Nichtsdestotrotz versuchen Howald und Calucci entgegen aller Widerstände herauszufinden, was und wer hinter dem mysteriösen Waffengeschäft steckt.
Doch Howald muss sich auch um seine privaten Probleme kümmern. Seine Frau Rebecca hat ihn verlassen und ein Verhältnis mit einem hochrangigen Diplomaten angefangen. Zudem verschwindet eines Nachts seine sechzehnjährige Tochter Katrin spurlos.
"Die Deutschen werden natürlich den Handlungsort und die Atmosphäre als typisch schweizerisch empfinden. Dann gehen die Leute hier auch anders miteinander um als zum Beispiel das Bum-bum-Gehabe im Ruhrgebiet; ruhiger, gemächlicher und behutsamer. Das gibt eine Spannung zwischen den Zeilen und eine ganz eigene Stimmung." (1)

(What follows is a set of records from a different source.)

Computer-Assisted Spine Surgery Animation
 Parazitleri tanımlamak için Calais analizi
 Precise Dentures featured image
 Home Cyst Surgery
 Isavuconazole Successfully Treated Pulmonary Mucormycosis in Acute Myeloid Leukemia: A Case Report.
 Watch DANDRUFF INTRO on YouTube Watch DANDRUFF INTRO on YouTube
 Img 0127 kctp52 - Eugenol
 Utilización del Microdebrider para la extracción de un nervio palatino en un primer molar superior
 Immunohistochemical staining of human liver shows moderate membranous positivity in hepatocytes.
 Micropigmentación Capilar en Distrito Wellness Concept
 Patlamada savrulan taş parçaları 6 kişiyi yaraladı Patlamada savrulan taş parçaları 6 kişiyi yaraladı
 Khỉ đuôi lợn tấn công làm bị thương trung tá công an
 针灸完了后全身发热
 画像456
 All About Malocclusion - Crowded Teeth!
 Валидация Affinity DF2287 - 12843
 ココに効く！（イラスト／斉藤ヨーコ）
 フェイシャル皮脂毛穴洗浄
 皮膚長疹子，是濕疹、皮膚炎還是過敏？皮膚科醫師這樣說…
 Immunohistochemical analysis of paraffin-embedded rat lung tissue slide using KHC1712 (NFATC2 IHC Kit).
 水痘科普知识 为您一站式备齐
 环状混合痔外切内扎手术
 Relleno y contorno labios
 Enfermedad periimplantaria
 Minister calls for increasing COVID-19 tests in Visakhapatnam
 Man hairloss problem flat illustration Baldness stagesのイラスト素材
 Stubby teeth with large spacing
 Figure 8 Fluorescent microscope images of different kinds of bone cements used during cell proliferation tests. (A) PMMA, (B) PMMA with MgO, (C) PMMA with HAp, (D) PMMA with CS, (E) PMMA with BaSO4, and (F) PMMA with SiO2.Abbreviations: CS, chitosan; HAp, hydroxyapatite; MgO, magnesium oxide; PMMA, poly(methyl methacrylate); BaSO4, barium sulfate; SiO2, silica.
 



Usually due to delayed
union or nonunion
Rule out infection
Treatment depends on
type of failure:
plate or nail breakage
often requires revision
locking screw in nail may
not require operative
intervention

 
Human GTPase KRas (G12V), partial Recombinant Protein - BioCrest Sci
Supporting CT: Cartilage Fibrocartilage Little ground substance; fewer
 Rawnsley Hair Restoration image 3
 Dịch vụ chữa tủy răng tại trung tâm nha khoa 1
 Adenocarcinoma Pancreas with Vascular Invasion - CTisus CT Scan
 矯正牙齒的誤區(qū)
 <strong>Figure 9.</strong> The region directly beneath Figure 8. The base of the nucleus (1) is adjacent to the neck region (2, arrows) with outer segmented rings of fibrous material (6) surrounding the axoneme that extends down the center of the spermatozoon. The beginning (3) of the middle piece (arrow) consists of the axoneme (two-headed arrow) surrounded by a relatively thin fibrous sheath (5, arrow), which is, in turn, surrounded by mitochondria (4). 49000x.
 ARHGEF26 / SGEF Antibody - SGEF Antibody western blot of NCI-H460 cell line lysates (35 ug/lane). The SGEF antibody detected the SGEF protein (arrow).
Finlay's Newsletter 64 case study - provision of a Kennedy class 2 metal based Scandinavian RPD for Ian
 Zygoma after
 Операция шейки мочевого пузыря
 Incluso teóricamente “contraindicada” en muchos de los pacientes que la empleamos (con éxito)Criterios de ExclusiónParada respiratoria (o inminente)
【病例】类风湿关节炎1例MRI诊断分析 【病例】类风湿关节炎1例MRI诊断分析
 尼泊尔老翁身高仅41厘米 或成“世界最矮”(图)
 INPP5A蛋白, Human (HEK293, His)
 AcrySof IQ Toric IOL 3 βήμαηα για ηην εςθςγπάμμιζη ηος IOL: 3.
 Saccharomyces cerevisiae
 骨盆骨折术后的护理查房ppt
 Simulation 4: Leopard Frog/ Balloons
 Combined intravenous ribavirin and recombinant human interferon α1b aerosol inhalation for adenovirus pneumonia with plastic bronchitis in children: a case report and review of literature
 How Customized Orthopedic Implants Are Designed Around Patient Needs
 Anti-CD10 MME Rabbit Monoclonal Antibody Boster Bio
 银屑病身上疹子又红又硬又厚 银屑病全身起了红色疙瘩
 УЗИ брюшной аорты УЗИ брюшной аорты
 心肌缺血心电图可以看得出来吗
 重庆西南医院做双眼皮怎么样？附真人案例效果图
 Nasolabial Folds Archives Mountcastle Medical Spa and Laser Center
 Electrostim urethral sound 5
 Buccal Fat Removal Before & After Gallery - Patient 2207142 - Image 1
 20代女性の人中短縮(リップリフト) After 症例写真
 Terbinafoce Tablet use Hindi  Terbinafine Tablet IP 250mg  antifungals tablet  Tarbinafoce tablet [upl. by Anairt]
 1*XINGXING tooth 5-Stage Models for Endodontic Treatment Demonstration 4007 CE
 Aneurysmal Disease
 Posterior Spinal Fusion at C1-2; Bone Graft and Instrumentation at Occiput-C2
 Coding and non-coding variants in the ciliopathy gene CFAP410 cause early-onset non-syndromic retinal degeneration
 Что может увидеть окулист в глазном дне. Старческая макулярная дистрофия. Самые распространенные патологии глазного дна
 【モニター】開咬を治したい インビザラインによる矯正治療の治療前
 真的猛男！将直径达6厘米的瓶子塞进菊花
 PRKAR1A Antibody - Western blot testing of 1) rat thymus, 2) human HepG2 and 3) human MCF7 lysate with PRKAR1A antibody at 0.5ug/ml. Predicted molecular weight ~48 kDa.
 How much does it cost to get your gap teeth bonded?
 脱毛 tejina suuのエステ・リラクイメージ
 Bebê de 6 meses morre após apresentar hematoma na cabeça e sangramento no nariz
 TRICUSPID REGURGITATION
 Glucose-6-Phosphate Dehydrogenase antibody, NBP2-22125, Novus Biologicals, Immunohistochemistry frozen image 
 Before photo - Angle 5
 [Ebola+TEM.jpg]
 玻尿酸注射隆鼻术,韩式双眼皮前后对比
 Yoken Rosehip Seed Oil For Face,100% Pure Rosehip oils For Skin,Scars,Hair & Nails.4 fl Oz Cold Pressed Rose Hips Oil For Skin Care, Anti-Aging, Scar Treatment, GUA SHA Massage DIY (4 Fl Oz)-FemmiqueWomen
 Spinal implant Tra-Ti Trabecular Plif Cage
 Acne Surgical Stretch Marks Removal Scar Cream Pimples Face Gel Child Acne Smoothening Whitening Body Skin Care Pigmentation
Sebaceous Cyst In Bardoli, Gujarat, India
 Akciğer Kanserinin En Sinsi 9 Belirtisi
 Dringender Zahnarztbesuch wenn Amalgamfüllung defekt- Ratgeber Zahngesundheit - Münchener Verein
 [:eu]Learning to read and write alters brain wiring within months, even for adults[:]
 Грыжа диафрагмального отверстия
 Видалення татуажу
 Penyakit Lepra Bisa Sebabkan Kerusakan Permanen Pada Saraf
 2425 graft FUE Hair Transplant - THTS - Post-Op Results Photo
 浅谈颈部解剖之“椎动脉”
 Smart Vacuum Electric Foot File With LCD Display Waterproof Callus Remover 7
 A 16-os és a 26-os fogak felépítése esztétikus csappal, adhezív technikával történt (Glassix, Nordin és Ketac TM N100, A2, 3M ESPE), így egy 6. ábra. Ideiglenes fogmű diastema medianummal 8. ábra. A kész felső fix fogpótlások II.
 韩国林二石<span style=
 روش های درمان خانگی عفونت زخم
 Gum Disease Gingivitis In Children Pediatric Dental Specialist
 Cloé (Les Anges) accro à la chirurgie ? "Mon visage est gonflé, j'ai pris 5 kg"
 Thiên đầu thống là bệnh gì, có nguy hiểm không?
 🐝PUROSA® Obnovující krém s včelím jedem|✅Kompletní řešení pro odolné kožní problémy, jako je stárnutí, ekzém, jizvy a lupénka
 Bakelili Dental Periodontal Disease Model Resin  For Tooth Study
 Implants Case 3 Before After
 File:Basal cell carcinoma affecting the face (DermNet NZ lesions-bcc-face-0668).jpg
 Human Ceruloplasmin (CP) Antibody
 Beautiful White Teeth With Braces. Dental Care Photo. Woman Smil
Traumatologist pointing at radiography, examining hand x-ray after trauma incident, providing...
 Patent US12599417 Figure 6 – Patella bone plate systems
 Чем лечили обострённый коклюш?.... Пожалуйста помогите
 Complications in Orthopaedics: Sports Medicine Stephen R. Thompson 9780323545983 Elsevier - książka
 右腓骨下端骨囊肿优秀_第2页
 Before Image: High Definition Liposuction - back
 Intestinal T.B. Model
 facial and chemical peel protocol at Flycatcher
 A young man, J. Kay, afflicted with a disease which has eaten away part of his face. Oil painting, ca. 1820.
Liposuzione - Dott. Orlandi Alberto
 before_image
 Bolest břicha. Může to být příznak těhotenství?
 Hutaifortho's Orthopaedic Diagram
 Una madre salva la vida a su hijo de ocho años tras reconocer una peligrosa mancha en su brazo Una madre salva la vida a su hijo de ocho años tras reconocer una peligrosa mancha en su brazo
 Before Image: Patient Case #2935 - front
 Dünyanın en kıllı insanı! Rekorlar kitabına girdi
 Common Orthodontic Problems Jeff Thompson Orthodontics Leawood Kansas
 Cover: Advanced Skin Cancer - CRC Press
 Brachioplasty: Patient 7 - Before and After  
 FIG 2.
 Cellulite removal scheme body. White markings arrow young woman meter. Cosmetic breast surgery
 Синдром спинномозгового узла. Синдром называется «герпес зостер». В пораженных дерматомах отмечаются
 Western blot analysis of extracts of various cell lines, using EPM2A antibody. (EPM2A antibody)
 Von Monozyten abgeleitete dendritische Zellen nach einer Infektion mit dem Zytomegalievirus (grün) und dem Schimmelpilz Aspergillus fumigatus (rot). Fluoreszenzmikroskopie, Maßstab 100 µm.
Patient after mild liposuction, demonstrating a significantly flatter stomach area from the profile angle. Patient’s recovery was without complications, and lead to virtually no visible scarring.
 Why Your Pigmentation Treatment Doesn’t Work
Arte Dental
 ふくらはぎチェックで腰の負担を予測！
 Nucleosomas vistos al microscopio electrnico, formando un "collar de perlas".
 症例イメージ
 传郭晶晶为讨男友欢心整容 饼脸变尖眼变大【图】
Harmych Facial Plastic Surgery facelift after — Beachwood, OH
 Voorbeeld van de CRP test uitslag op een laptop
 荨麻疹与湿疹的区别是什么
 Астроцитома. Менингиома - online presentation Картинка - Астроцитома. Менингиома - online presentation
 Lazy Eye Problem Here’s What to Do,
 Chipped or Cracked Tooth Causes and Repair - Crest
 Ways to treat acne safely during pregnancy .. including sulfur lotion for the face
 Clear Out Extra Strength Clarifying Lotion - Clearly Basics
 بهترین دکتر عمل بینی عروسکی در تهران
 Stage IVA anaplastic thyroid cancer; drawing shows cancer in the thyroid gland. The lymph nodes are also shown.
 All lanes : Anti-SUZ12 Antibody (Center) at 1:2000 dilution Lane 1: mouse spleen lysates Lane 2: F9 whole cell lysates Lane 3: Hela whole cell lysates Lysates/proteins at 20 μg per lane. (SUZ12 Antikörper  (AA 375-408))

Doch auch in anderer Hinsicht war HOWALDS FALL ein ungewöhnlicher Tatort. Zum einen wurde der Fernsehfilm in zwei Fassungen produziert, da die Schweizer Dialekt-Fassung für die Ausstrahlung in Deutschland und Österreich auf Hochdeutsch nachsynchronisiert wurde.
Zum anderen kam der erste Schweizer Tatort mit einem sehr ungewöhnlichen Ende daher. Denn der ermittelnde Beamte, Detektivwachtmeister HOWALD, entpuppt sich zum Schluss als Täter und begeht Selbstmord, weil er seiner Tochter ein Kind gemacht hatte.
Dieses Ende blieb bis zur Ausstrahlung auch deshalb ein Geheimnis, weil das Schweizer Fernsehen keine Pressevorführung für deutschen Journalisten gab. Einzig und allein 12 Schweizer Journalisten kamen vorab in den Genuss der TATORT-Presse-Vorführung.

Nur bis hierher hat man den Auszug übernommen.